**EXERCISE DESCRIPTION**
Pictures are to be left out, and only the lines from the one containing "1pc Stellar Phoenix" through the last line of the data are to be returned exactly.

**DATASET EXCERPTS**
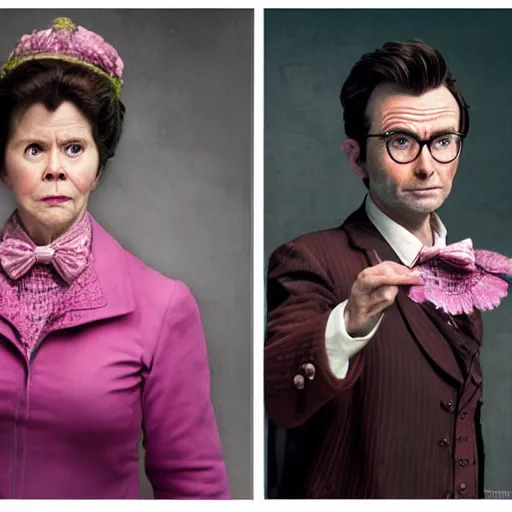 Prompt: david tennant and imelda staunton as dolores umbridge in pink clothes with the tenth doctor who, highly detailed, artstation, concept art, fantasy, smooth, sharp focus, illustration, perfect face, art by willem claesz. heda, nikolay makovsky, jacek malczewski, arthur hughes, edward okun, franz xaver winterhalter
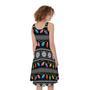 Christmas Tree Lights Print Sleeveless Knee Length Dress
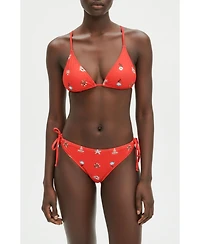 Jessie Zhao New York Women's Coral Garden Reversible Triangle Bikini Top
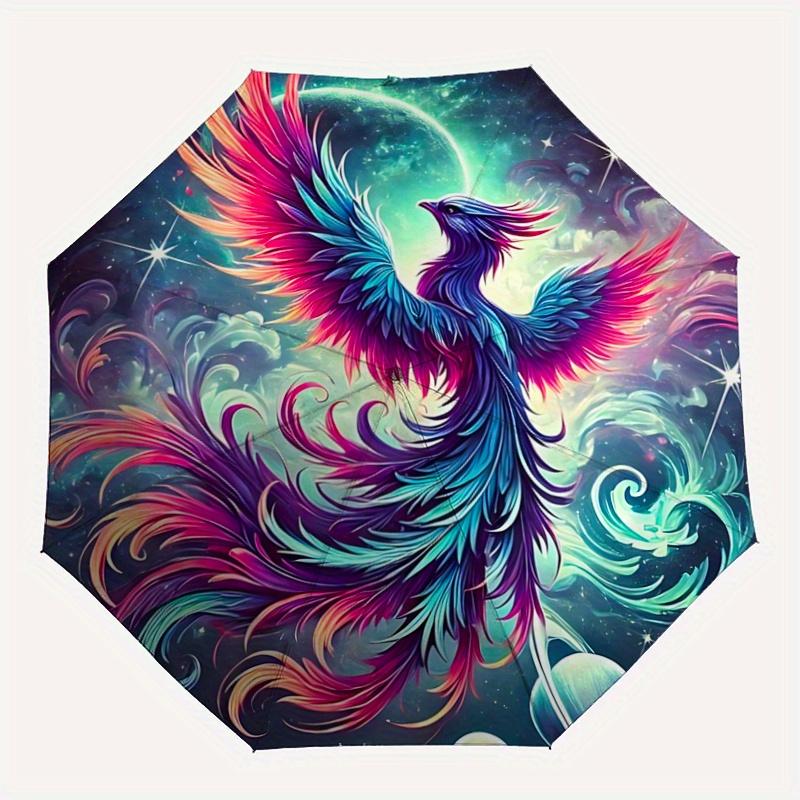 1pc Stellar Phoenix Durable Cartoon Folding Umbrella,Compact Umbrella for Men and Women, Suitable for Travel or Daily Use.A062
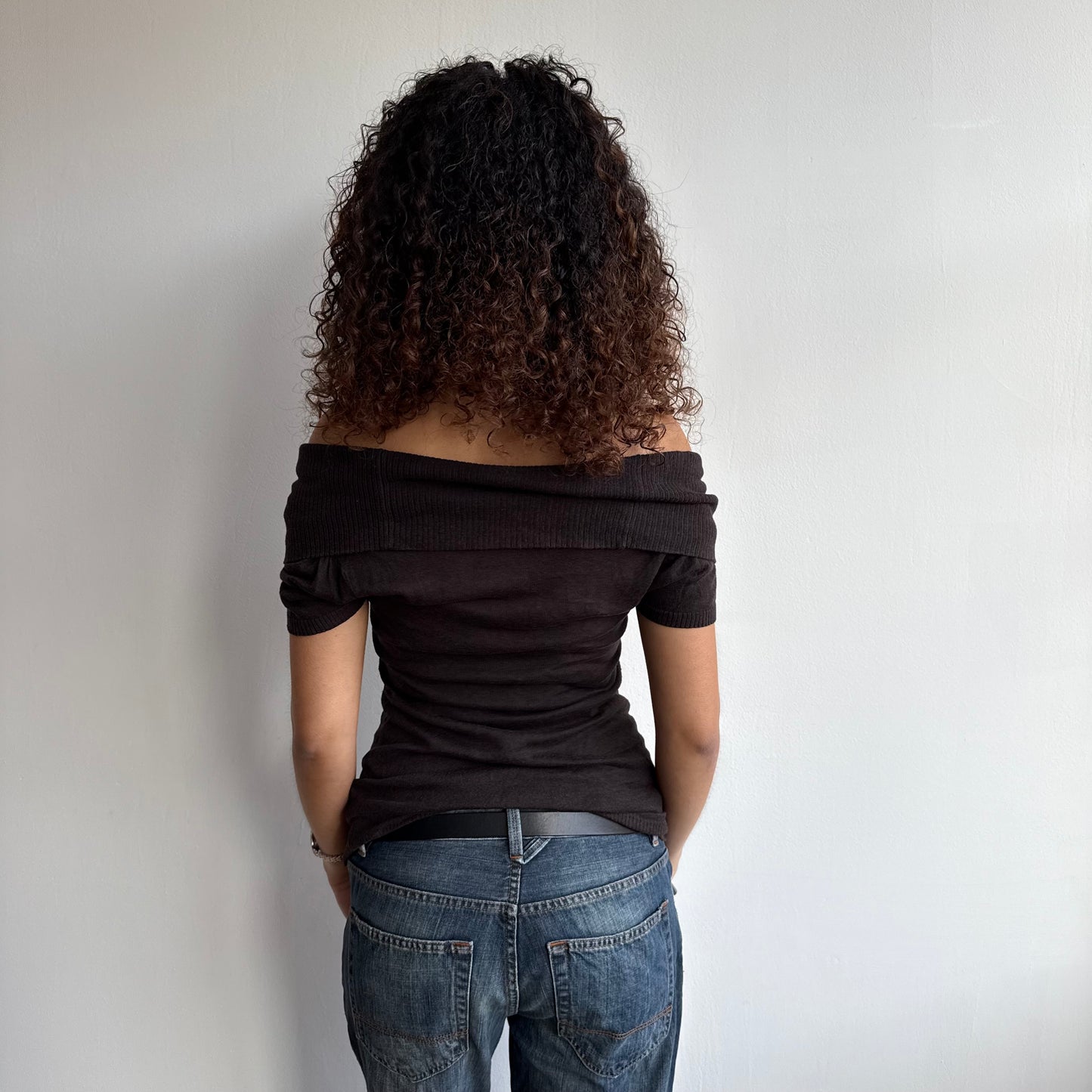 Chocolate brown Bardot knit - Size M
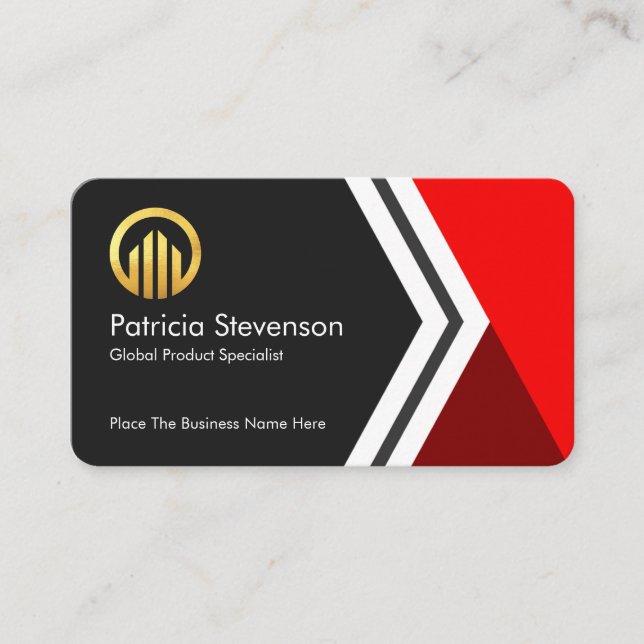 Stylish Creative Arrows Business Owner Visitenkarte (Vorderseite)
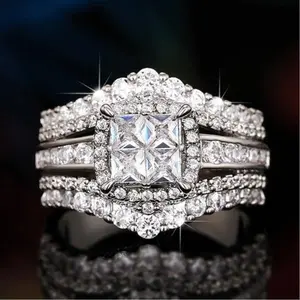 Micro Pave Square Five-in-One Ring for Women, S925 Sterling Silver CZ Stones Halo Design - Perfect Gift for Girlfriend or Wife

**OUTPUT OF THE EXERCISE**
 1pc Stellar Phoenix Durable Cartoon Folding Umbrella,Compact Umbrella for Men and Women, Suitable for Travel or Daily Use.A062
 Chocolate brown Bardot knit - Size M
 Stylish Creative Arrows Business Owner Visitenkarte (Vorderseite)
 Micro Pave Square Five-in-One Ring for Women, S925 Sterling Silver CZ Stones Halo Design - Perfect Gift for Girlfriend or Wife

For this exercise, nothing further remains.